Task description:
Lines before the one containing "Inflatable Decoration for" are not wanted; restate the rest below word for word, through the last line, but drop any pictures.

Dataset section:
= = = = =

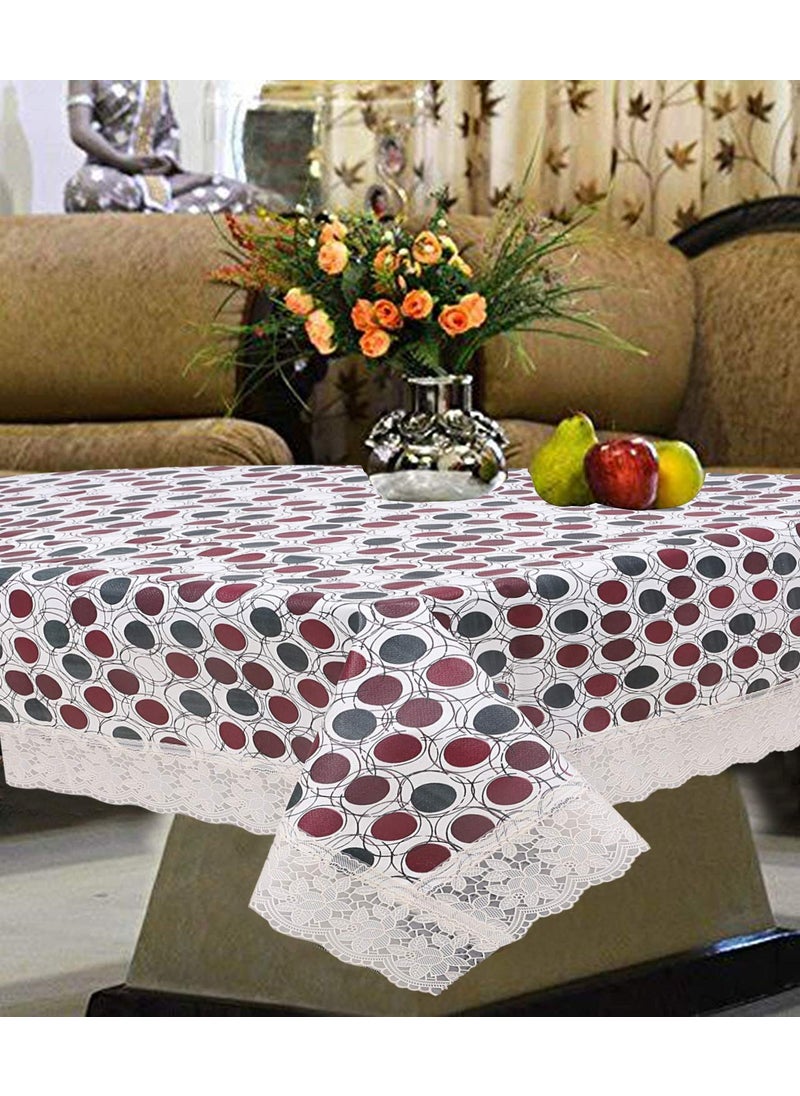 craft city CRAFT CITY White Color Polka Dots Print Center/Dining Table Cover for 2/4/6 Seater Table Cloth/Water and dust with Oil-Proof PVC Rectangular Shape (54x78 inch)  - Image 3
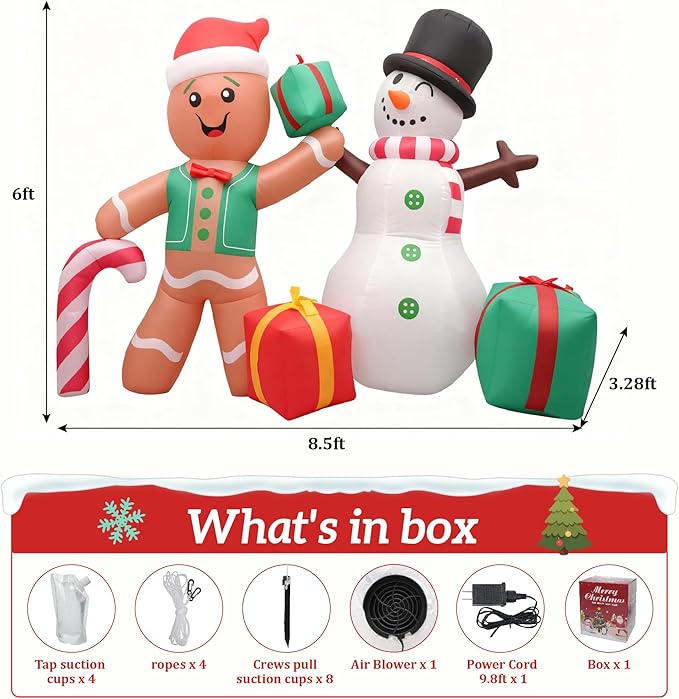 Inflatable Decoration for Inflatable Decoration in Outdoor Courtyards, Indoor Gardens, and Lawns (Gingerbread Snowman)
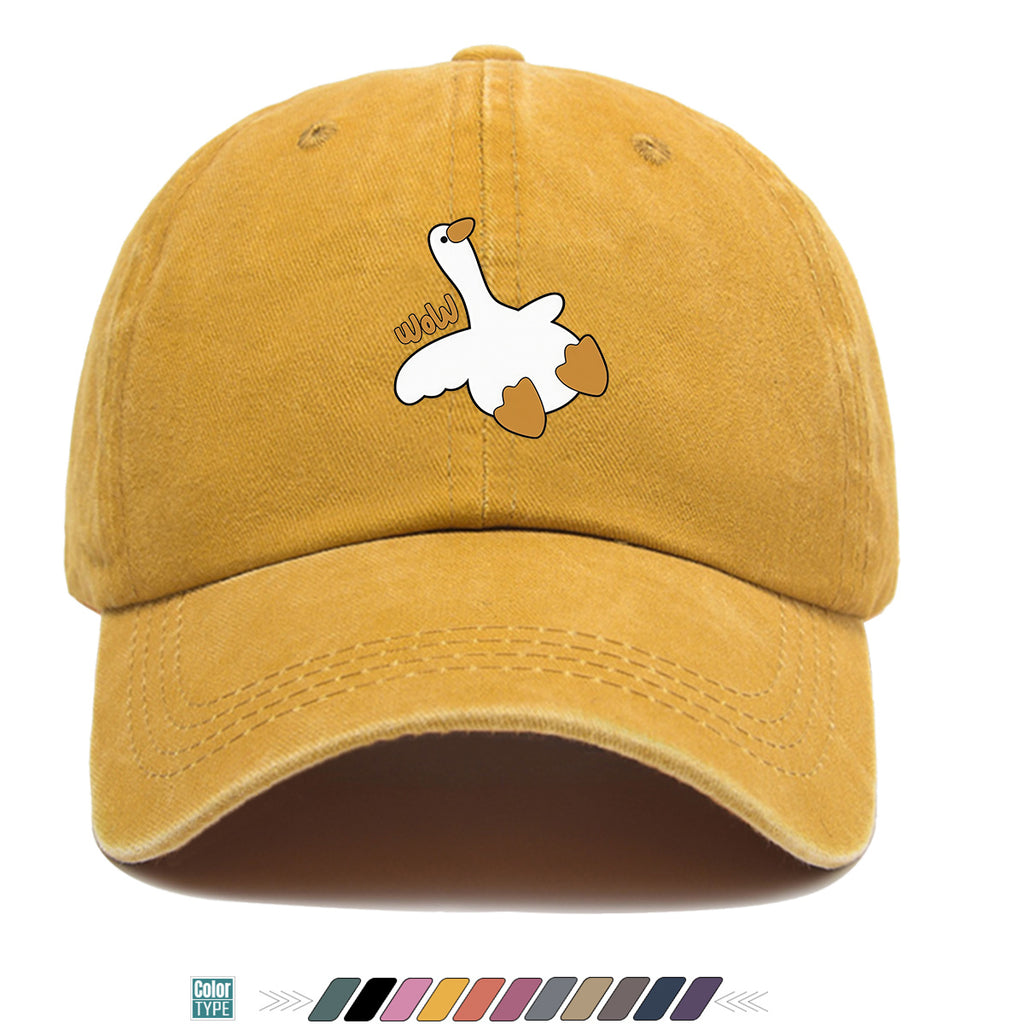 1pc Adorable White Goose Print Baseball Cap Suitable for Men & Women, Breathable Adjustable Snapback Hat with Goose, Unisex Casual Cap for Daily Wear, Picnic, Camping, Amusement Parks - Fun Gift for Goose Lovers, Birthday Present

= = = = =

Written response:
 Inflatable Decoration for Inflatable Decoration in Outdoor Courtyards, Indoor Gardens, and Lawns (Gingerbread Snowman)
 1pc Adorable White Goose Print Baseball Cap Suitable for Men & Women, Breathable Adjustable Snapback Hat with Goose, Unisex Casual Cap for Daily Wear, Picnic, Camping, Amusement Parks - Fun Gift for Goose Lovers, Birthday Present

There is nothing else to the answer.